» WHAT THE EXERCISE ASKS: From the entries below, copy each line in which the word "have" occurs.

══ EXTRACTED ENTRIES

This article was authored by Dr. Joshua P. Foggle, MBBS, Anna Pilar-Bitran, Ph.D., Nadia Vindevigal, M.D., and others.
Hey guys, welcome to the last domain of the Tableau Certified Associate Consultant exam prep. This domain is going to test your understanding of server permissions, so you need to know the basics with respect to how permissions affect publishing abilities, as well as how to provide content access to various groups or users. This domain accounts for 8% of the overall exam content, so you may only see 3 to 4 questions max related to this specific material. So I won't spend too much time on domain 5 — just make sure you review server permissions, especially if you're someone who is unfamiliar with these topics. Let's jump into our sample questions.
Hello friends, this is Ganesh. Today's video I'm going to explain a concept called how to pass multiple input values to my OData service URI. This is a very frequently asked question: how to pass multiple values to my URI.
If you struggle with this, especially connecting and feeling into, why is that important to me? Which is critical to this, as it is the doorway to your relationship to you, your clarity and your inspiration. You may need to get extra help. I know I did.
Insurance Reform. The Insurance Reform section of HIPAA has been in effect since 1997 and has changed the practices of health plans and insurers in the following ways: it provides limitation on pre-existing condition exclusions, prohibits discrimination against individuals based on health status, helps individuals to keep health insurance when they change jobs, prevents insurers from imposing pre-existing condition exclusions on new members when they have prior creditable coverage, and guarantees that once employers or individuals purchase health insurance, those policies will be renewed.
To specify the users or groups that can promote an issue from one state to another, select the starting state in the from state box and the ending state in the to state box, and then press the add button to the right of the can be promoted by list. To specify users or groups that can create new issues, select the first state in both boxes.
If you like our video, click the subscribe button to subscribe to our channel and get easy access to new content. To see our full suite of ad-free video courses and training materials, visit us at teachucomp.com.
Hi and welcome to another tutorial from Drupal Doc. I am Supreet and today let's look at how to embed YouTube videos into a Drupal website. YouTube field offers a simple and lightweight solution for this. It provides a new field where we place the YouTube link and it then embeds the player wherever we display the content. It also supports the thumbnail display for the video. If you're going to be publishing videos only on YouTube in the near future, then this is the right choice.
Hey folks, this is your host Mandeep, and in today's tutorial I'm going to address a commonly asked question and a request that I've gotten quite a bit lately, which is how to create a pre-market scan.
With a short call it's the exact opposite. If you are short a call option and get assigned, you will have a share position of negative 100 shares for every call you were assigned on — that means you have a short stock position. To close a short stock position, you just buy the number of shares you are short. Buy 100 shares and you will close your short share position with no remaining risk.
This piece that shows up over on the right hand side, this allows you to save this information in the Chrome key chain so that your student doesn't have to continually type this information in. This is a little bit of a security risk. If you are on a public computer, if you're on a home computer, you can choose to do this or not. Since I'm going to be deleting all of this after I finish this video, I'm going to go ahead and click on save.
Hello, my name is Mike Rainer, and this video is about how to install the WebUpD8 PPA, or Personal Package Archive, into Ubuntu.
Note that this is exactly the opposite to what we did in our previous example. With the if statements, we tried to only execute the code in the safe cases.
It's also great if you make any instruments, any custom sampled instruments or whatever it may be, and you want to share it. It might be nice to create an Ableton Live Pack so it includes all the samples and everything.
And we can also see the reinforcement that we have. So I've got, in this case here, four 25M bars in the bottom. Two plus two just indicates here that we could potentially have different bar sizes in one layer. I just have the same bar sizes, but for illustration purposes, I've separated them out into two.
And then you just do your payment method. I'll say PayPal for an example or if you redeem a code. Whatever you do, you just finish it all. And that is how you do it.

════

» ANSWER SECTION:
Insurance Reform. The Insurance Reform section of HIPAA has been in effect since 1997 and has changed the practices of health plans and insurers in the following ways: it provides limitation on pre-existing condition exclusions, prohibits discrimination against individuals based on health status, helps individuals to keep health insurance when they change jobs, prevents insurers from imposing pre-existing condition exclusions on new members when they have prior creditable coverage, and guarantees that once employers or individuals purchase health insurance, those policies will be renewed.
With a short call it's the exact opposite. If you are short a call option and get assigned, you will have a share position of negative 100 shares for every call you were assigned on — that means you have a short stock position. To close a short stock position, you just buy the number of shares you are short. Buy 100 shares and you will close your short share position with no remaining risk.
This piece that shows up over on the right hand side, this allows you to save this information in the Chrome key chain so that your student doesn't have to continually type this information in. This is a little bit of a security risk. If you are on a public computer, if you're on a home computer, you can choose to do this or not. Since I'm going to be deleting all of this after I finish this video, I'm going to go ahead and click on save.
And we can also see the reinforcement that we have. So I've got, in this case here, four 25M bars in the bottom. Two plus two just indicates here that we could potentially have different bar sizes in one layer. I just have the same bar sizes, but for illustration purposes, I've separated them out into two.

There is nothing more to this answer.